On Thursday, Veterans Affairs Secretary Eric Shinseki testified before Congress about allegations that VA facilities around the nation had falsified wait times for veterans. His response: “Any allegation, any adverse incident like this makes me mad as hell.” Meanwhile, over at the White House, press secretary Jay Carney explains that Obama is “concerned and angry” over the allegations.
To which our response should be: so the hell what?
Why exactly do we care about the feelings of our Secretary of Veterans Affairs? Why are the American people now in the business of examining the innermost emotional lives of our politicians, rather than their ability to do their jobs?

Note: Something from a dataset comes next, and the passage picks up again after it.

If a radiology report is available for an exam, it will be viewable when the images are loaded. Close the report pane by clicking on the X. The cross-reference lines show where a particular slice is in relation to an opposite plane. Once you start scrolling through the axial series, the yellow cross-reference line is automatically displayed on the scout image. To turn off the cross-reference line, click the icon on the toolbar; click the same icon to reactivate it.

This sort of language must be poll tested. How else can we explain the sudden ubiquity of this non-answer answer to scandal? Here’s White House press secretary Jay Carney explaining President Obama’s response to the IRS’ targeting of conservative groups: “I mean, nobody's been more outraged by the reported conduct here than the president of the United States.” And here’s Obama on allegations that Secret Service members were shtupping prostitutes in Colombia: “Of course I’ll be angry.”
Here’s Hillary Clinton on her failures of leadership before, during, and after the terrorist attacks in Benghazi: “I stood next to President Obama as the Marines carried those flag-draped caskets off the plane at Andrews. I put my arms around the mothers and fathers, sisters and brothers, sons and daughters.” She teared up while saying this. That was shortly before she screamed at Congress that it made no difference why four men were killed in Benghazi.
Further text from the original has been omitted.